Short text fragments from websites
______

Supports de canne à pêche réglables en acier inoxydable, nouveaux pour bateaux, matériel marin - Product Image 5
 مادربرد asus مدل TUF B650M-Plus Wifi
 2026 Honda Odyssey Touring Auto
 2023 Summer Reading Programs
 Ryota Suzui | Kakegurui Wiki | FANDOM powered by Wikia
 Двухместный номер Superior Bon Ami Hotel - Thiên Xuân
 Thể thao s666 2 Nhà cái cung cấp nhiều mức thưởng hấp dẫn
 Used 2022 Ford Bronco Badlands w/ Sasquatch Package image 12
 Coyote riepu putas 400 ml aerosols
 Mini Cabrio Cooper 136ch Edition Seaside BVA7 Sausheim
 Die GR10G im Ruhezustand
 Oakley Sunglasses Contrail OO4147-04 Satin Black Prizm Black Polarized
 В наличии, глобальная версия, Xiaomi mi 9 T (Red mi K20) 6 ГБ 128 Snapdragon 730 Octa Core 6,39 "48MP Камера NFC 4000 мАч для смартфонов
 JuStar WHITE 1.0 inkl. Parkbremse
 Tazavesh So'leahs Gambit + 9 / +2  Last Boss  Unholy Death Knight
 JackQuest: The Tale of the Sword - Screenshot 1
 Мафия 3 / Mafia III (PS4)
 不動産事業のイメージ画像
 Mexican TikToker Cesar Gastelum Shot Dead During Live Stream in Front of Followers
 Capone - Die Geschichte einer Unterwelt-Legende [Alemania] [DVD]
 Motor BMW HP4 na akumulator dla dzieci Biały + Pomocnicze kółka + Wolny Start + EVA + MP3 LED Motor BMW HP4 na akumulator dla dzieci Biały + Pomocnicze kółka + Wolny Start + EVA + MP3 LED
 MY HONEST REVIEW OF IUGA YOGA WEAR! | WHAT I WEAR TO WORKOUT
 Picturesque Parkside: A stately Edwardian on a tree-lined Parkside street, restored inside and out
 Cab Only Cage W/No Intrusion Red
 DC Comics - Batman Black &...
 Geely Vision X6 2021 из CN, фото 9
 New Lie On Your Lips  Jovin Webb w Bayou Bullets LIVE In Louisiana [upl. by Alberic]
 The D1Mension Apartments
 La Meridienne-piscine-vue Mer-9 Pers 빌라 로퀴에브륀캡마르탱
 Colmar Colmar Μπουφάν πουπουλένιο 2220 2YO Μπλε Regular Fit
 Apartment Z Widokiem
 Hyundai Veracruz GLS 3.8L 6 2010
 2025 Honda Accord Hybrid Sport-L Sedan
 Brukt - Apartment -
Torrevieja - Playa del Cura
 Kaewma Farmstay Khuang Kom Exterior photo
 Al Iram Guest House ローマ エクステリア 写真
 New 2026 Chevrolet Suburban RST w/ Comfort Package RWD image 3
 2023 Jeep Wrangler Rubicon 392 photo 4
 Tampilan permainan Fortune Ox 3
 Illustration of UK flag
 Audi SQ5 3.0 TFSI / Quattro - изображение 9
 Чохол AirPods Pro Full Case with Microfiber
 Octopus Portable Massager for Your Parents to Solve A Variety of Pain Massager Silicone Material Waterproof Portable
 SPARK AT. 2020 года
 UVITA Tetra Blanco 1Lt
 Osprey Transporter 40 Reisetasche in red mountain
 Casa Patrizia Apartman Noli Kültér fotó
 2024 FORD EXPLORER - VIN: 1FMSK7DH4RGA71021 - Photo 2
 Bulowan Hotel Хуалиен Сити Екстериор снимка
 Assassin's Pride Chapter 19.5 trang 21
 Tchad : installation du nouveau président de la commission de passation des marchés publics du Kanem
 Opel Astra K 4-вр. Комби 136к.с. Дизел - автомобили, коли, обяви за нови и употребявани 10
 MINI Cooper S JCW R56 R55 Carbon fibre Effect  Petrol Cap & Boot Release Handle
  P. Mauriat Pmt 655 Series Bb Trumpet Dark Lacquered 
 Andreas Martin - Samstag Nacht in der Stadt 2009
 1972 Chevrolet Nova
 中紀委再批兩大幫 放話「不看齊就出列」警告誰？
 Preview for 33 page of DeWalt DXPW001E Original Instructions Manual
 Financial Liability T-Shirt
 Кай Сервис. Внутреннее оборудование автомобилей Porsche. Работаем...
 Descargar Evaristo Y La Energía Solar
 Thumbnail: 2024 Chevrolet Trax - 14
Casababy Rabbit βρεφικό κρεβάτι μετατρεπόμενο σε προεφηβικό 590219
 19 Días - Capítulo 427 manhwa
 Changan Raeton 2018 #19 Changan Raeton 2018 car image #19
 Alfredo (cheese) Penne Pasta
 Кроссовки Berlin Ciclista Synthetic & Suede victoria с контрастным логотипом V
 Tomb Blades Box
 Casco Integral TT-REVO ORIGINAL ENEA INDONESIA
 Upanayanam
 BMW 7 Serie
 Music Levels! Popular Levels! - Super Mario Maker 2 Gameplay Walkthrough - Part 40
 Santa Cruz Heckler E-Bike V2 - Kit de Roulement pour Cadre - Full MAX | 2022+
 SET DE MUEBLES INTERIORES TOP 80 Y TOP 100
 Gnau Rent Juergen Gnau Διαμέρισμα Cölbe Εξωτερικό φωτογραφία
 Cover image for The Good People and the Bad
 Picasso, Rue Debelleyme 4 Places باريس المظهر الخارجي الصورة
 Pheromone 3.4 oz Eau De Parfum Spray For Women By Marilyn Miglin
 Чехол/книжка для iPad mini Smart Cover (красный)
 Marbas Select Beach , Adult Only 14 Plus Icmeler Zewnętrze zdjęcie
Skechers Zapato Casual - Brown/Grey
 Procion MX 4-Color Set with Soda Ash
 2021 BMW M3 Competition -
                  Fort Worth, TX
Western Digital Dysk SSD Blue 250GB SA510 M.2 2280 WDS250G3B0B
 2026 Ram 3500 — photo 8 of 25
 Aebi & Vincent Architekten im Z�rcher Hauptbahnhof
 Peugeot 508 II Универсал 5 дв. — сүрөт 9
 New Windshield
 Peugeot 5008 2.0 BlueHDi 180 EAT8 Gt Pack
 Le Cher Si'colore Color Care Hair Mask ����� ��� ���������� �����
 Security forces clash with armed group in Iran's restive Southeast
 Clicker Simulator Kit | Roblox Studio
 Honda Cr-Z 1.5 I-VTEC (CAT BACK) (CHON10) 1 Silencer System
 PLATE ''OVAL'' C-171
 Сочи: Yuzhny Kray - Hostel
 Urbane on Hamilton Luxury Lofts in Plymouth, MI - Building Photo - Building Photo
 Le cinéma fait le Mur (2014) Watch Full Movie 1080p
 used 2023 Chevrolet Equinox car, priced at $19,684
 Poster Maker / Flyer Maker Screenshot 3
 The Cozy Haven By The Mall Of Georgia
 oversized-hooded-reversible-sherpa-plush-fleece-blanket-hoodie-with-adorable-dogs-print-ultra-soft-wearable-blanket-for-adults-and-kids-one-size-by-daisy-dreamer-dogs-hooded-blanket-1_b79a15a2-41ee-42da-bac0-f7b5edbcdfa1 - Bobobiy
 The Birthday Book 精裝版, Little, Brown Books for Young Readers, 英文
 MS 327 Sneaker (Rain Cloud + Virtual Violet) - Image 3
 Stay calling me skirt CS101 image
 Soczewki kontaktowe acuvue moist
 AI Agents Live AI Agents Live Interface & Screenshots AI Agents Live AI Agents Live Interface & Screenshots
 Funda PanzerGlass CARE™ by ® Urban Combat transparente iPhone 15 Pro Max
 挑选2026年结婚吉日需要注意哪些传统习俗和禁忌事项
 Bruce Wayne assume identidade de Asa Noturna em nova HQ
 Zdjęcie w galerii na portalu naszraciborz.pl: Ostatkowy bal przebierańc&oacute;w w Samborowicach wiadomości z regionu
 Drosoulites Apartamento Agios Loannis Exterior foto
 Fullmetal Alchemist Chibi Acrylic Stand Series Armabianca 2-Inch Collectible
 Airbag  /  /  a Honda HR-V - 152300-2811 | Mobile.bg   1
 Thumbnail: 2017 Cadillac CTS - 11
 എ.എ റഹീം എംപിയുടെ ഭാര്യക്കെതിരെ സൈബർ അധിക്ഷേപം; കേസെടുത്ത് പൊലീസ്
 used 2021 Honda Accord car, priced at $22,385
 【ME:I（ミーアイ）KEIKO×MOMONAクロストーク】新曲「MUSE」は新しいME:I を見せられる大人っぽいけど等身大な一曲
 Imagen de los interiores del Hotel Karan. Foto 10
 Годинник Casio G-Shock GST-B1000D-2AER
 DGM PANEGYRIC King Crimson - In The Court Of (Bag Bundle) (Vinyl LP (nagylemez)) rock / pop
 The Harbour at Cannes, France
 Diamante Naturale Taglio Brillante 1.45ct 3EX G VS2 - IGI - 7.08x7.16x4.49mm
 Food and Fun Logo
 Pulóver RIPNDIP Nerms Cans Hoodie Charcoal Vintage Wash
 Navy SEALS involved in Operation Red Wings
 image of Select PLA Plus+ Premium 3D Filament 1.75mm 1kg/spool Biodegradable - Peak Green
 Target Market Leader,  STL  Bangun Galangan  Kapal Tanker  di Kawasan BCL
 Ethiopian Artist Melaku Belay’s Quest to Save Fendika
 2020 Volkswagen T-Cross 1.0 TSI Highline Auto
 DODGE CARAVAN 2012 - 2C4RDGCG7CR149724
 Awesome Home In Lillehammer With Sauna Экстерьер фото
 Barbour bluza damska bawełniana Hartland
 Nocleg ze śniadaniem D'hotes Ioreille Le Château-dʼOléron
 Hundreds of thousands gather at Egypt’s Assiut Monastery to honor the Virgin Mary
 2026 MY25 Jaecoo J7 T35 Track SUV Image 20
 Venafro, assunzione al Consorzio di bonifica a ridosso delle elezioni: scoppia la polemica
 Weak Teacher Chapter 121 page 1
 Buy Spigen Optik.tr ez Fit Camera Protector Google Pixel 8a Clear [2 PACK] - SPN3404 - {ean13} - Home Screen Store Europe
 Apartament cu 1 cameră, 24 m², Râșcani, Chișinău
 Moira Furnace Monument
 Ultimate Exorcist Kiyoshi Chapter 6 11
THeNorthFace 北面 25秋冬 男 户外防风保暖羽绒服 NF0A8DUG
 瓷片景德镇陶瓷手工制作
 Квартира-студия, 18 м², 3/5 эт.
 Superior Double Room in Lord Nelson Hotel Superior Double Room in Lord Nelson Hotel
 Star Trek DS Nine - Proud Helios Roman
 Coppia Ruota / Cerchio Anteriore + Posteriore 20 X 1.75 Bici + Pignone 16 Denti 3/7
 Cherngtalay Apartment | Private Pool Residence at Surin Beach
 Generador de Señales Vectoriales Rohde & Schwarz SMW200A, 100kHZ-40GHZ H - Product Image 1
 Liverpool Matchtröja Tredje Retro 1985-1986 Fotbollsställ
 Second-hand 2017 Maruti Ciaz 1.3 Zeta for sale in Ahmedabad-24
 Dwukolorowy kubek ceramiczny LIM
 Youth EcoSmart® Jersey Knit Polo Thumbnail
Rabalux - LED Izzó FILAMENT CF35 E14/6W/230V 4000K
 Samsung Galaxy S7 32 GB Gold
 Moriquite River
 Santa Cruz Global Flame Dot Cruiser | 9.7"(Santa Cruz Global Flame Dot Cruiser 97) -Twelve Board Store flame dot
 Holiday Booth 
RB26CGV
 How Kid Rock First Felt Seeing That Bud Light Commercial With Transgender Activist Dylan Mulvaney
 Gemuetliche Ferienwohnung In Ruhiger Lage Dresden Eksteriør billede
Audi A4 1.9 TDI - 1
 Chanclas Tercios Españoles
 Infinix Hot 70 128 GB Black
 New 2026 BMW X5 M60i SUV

______

Your goal:
Among the lines above, find those carrying the word "Only" and copy them out.

Response area:
 Cab Only Cage W/No Intrusion Red
 Marbas Select Beach , Adult Only 14 Plus Icmeler Zewnętrze zdjęcie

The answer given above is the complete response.